Buenas personas

Ver a alguien a quien creemos una buena persona estimula dos preguntas: “¿Qué la hace buena?” y “¿Cómo se hizo así?”

Admitiendo matices y diferencias, los libros sagrados, el pensamiento y la sabiduría de las épocas han tendido a coincidir en que es buena la persona que muestra moderación, templanza, respeto por la dignidad de otros, amabilidad, generosidad y apertura; que en términos positivos contribuye al bienestar, a la alegría, a la paz interior y al crecimiento interno de otros, y en negativos, no hace daño con la consciente intención de hacerlo; que asume sus responsabilidades de velar por sí misma, cumplir sus compromisos, reconocer y no culpar a otros de sus fallas y errores; que busca mejorar su propio ser y actuar; que respeta la verdad; que es consciente de, pero humilde ante, sus propios méritos y logros y reconoce los de otros; que no se apropia de bienes ajenos ni de ideas que no son suyas. Es aquella persona a quien podemos decir “Cuento contigo”, y “Haces que brote lo mejor en mí”. Es, en bella frase de Erich Fromm, quien puede decir “Me aman porque amo, no amo porque me aman.”

¿Cómo puede una persona llegar ahí?
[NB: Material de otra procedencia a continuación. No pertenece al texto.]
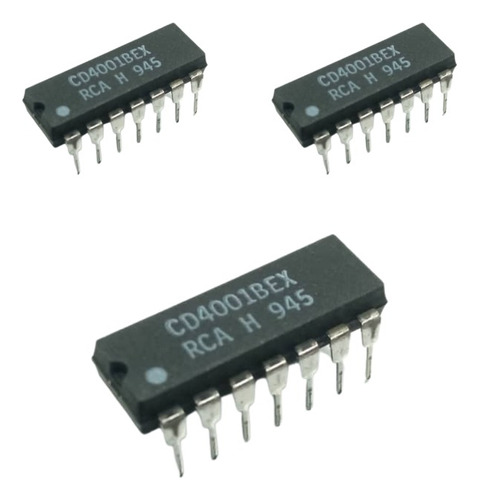 Cd4001 Cmos Pack De 3unds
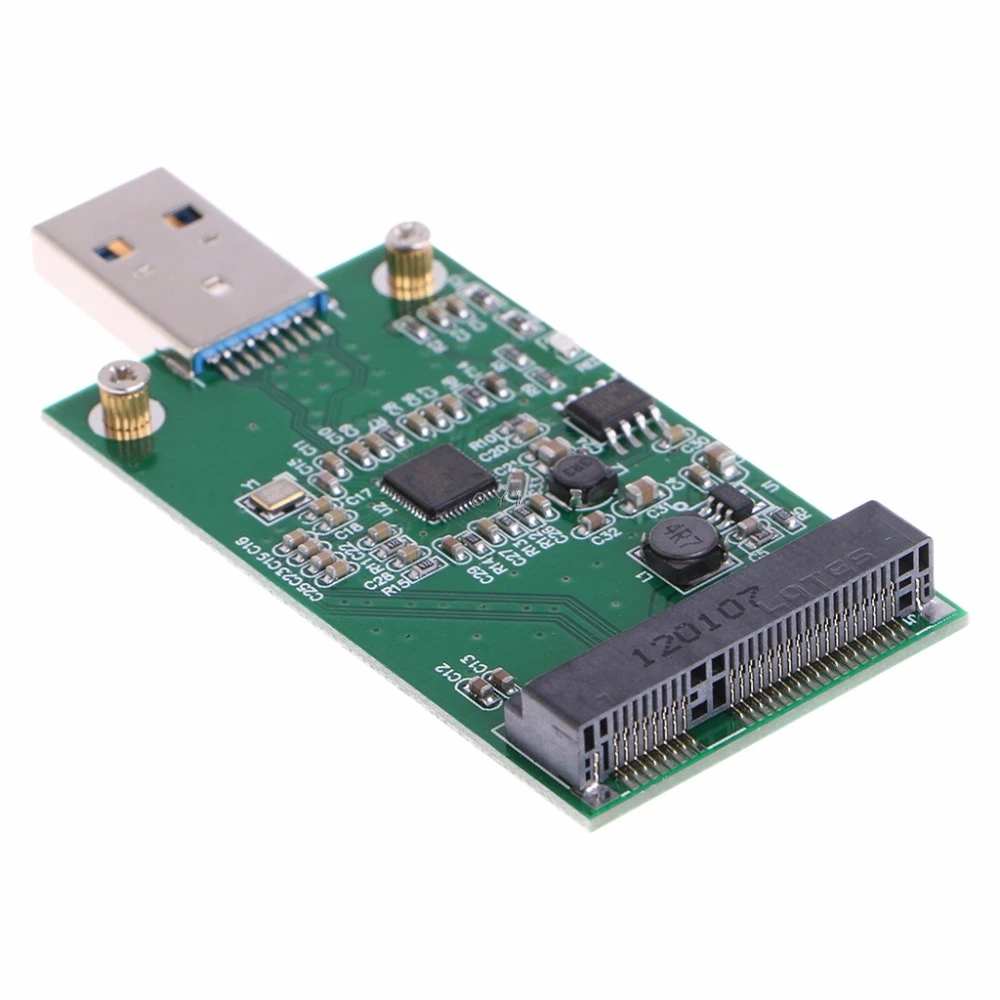 

USB 3.0 to Mini PCIE mSATA SSD mSATA to USB 3.0 SSD don't need USB cable NEW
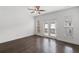 Bright bedroom with hardwood floors and access to deck at 4223 Deming Cir, Atlanta, GA 30342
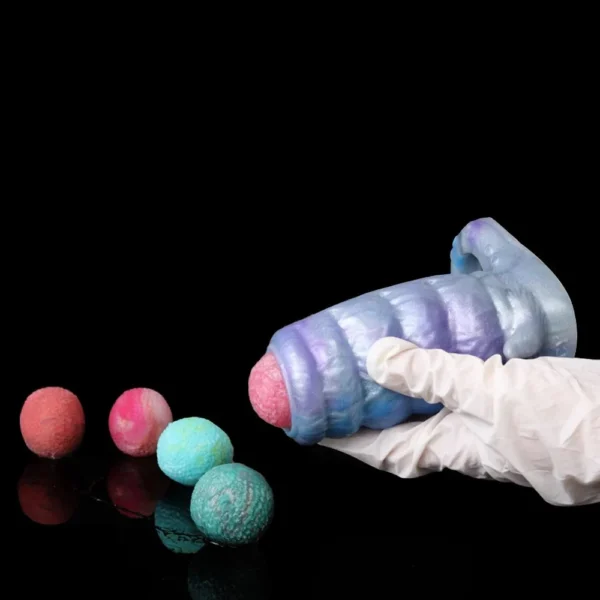 Male Enlargement Dildo Penis Sleeve Ovipositor Sex Toys for Man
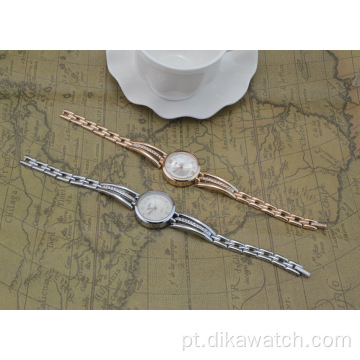 Relógio fino feminino JW de quartzo com pulseira de aço pequeno mostrador charme relógios femininos com strass moda rosa ouro relógio de pulso para meninas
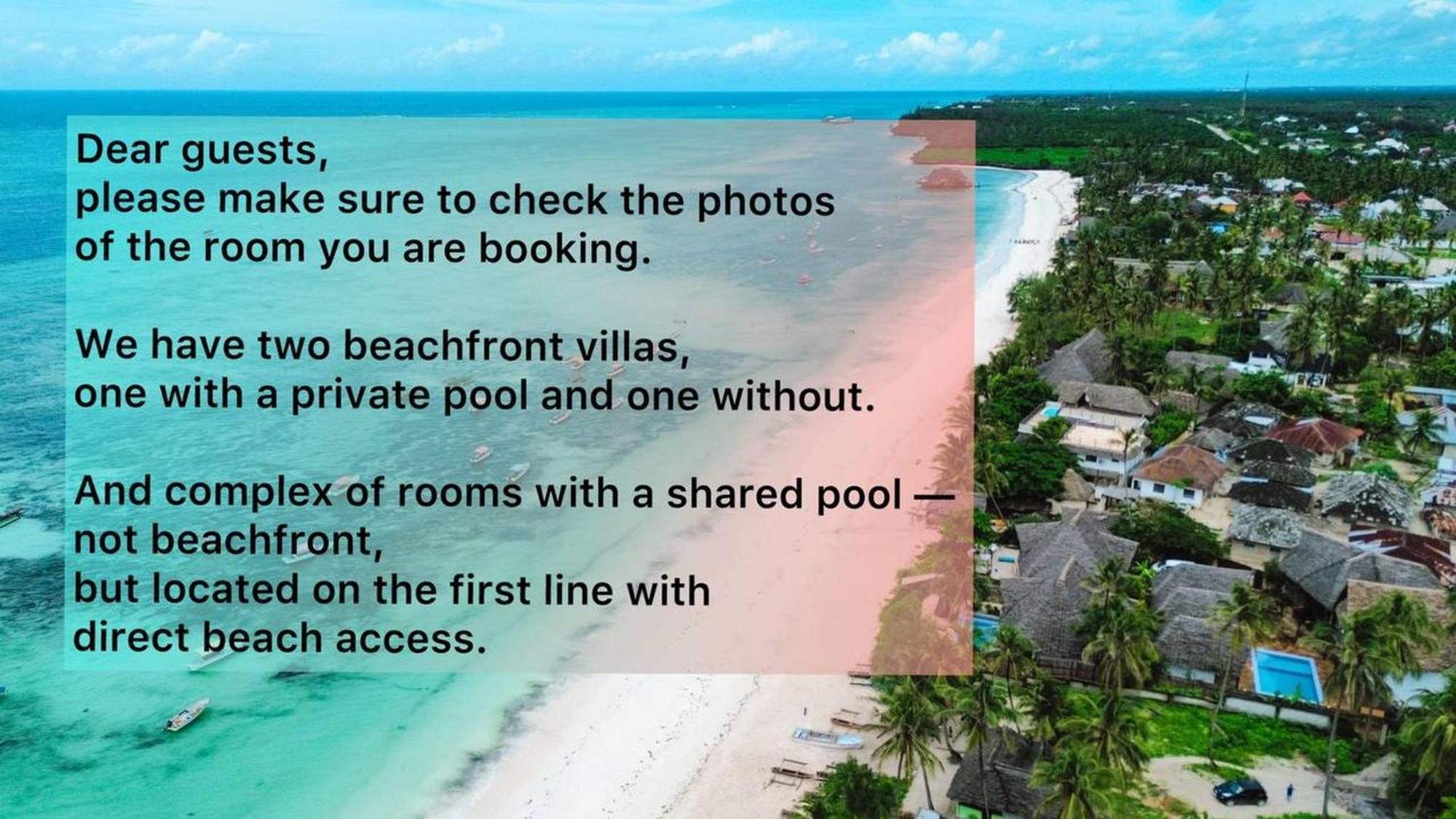 Bitcoin Beach Hotel Zanzibar Michamvi Kae Экстерьер фото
Se ha debatido largamente el tema de la mayor o menor influencia, de un lado de la genética, y del otro de la influencia social. En el un extremo están quienes, siguiendo al Conde de Gobineau, llamado el padre del racismo moderno, sostienen que todas las creencias, los valores, las actitudes y los comportamientos de las personas están biológicamente predeterminadas por su “identidad racial”, concepto que las ciencias sociales modernas en general rechazan. En el otro extremo están los diversos enfoques de la llamada ingeniería social que argumentan que la mente humana nace como una especie de pizarra en blanco, sobre la cual las diversas influencias de la familia, la escuela, la sociedad, el entorno cultural van dibujando un conjunto de realidades sicológicas cognitivas, afectivas y actitudinales. Una amplia gama de quienes pensamos sobre estos temas coincidimos, hoy en día, que confluyen las influencias tanto genéticas como ambientales.

Pero, además, planteo que de ese debate ha estado ausente, en sustancial medida, un tercer elemento: la consciente voluntad del actor individual de asumir el reto de convertirse en el escultor de su propia realidad interior. No considero apropiado exagerar cuán determinante puede ser el solo acto de voluntad, como pretende, por ejemplo, el eslogan “solo di no” de la poco efectiva lucha contra la drogadicción en muchas sociedades. Pero tampoco considero apropiado desconocer la extraordinaria fuerza de una voluntad individual que, habiendo despertado, ha identificado los esfuerzos necesarios y, haciéndolos, ha logrado disciplinar su propio espíritu. Y creo que hay pocas realidades más admirables.